Captain Phillips

See itPosters advertising high seas hostage drama Captain Phillips depict a close-up of Tom Hanks, prickly and unshaven, looking somberly ahead, a funereal glaze washing over his eyes.

Hanks’ name appears in bright red letters above the title. Its colour-matched to the words “based on a true story” which sit below a clump of squashed credits naming cast and crew, including the person who directed it: Paul Greengra-something-or-other.

It’s not his name that matters. “From the director of The Bourne Ultimatum” carries more currency with mainstream plebs and PR bootlickers, a line that hints at the old Hollywood dictum that you’re only as good as your last picture (or the last one the general public remember you for).

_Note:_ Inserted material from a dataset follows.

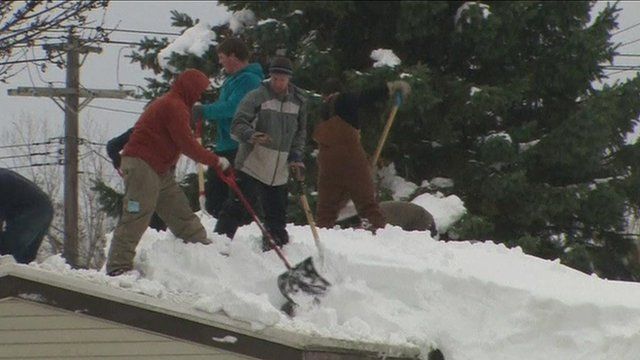 People clearing snow from a roof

Likewise, the Captain Phillips one-sheet is a fitting example of how movies are marketed these days. This flick was made by a guy who made this other title you’re statistically most likely to have seen — if you haven’t you at least recognise the brand (it’s Bourne, B.O.U.R.N.E.) — and stars an actor who brings with them celebrity baggage and loosely defined audience expectations.

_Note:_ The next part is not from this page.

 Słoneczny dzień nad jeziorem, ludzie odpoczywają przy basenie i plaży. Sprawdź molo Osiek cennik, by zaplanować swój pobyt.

In this case it’s Tom Hanks and his famous everyday man shtick, a nice fit with the film’s workman-like title. That’s a shtick the 57-year-old actor has carefully cultivated through a range of performances in which he worked hard to prove he could have been your brother, your dad, your uncle or your neighbour, and not a power-wielding Californian charlatan rich beyond your wildest dreams.

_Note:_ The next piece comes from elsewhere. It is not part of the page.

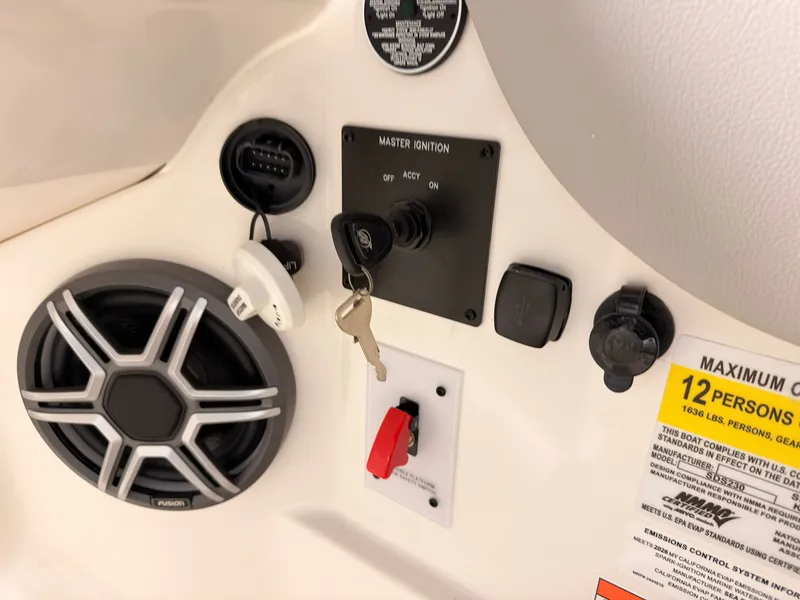 Slide: The Image of Close-up of a Sea Ray SDX 230 Surf control panel with ignition key and speaker. - 33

But no matter. Hanks is very good as Phillips, captain of a huge cargo ship boarded by Somali pirates in the Somali basin who desperately tries to keep cool while his crew hides in the engine rooms below like panicked animals: silent, scared and weapon-less.

The point is how a thoughtful upper crust Hollywood dish such as this is packaged for the proverbial back row, the people who whoosh past billboards and posters at bus stops and think “hmmm, maybe” and the seed is planted.

That’s not necessarily a bad thing if it brings audiences to a quality film they may not have otherwise seen. That logic explains the casting of Hanks in the first place. He’s both the salesman and the porter, the door opener for a coke-and-popcorn populace who could just as easily have wandered into some other cinema and seen a different movie advertised with another famous person’s mug on the poster.

If the gear turners in the movie marketing biz assumed consumer knowledge and weren’t driven to seek the quickest and most effective shorthand, the poster for Captain Phillips would have touted Paul Greengrass’ shuddering 2006 terrorists-on-the-plane 9/11 drama United 93 rather than his Matt Damon franchise pic. Not because United 93 is Greengrass’ best film (which it is) but because it most closely fits what viewers can expect when they board HMS Hanks.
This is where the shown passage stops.